Ich spaltete mich gewissermaßen von mir selbst ab und wandte mich an mich selbst. Indem ich mich also mit der Poesie auseinandersetzte, konfrontierte ich mich selbst. Beide Schritte erforderten eine andere Art von Gedichten, als ich je zuvor in Angriff genommen hatte, und vielleicht auch eine neue Art von Selbstvertrauen. Indem ich meinen – bestenfalls lückenhaften – Bildungsweg nachverfolgte, was ich in dem Buch tue, versuchte ich wohl, mit mir selbst zu arbeiten und mir zu sagen: „Selbst ein zusammengewürfelter Verstand kann sich diesen großen Fragen stellen, und ich muss sie angehen.“ Und vielleicht ermutigten mich die verschiedenen Auszeichnungen für „Freimütigkeit“ auf eine Weise, die ich sonst vielleicht nicht gehabt hätte, meine Autorität auf eine neue Ebene zu bringen … Früher hätte ich das Wort „Autorität“ nie in Bezug auf mich selbst verwendet, aber ich hatte das Gefühl, dass mir eine Art Autorität verliehen worden war, die es mir ermöglichte, mir selbst Fragen zu stellen, und dass es vielleicht einen gewissen Wert für die Poesie, zumindest für meine eigene Poesie, hatte, Fragen zu stellen, die mich und die Poesie wirklich in Bedrängnis brachten. Es schien wichtig.

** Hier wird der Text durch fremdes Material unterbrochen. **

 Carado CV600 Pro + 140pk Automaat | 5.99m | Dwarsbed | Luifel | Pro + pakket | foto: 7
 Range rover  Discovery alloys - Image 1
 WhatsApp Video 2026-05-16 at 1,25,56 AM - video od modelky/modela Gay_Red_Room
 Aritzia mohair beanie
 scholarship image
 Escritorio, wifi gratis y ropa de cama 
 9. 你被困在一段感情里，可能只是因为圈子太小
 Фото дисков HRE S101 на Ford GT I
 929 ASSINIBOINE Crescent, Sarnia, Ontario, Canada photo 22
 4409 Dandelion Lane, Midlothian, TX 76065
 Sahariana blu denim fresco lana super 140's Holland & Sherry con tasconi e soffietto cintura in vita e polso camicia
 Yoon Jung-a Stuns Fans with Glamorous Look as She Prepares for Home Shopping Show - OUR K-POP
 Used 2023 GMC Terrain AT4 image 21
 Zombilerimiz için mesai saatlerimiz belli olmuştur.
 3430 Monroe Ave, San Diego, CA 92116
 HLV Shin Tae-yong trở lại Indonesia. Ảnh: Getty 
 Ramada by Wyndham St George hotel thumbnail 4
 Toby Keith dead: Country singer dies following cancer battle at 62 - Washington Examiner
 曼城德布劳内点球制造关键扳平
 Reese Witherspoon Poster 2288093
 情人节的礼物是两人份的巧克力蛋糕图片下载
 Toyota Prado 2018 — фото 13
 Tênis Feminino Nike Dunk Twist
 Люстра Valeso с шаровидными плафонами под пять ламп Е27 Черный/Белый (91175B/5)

Ich interessiere mich auch für die Ästhetik des sogenannten Alltags, so umfangreich dieser auch sein mag, die sich in Ihrem Gesamtwerk widerspiegelt. In all Ihren Büchern gibt es eine Art Alltäglichkeit inmitten einiger echter Komplikationen oder wirklich lebhafter Entwicklungen anderswo. Ich frage mich, ob das teilweise an Ihrem frühen Leben als Schriftstellerin aus der Arbeiterklasse liegt. Ich weiß, dass Sie eine Zeit lang Therapeutin waren und kreatives Schreiben unterrichteten, während Sie Therapeutin waren, eine Familie großzogen und all diese Dinge taten, von denen ich glaube, dass die Leute sagen könnten, sie stünden einem Leben als Schriftsteller entgegen. Aber wie wir wissen, geschieht ein Großteil des Schreibens in unseren Köpfen, und ein Großteil des Schreibens kann meiner Meinung nach geschehen, während wir uns mit Dingen beschäftigen, die manche als banal betrachten würden. Sind Sie immer noch jemand, der viel Geschriebenes verarbeitet, während Sie durch das gehen, was manche als die alltäglichen Bewegungen Ihres Lebens betrachten würden?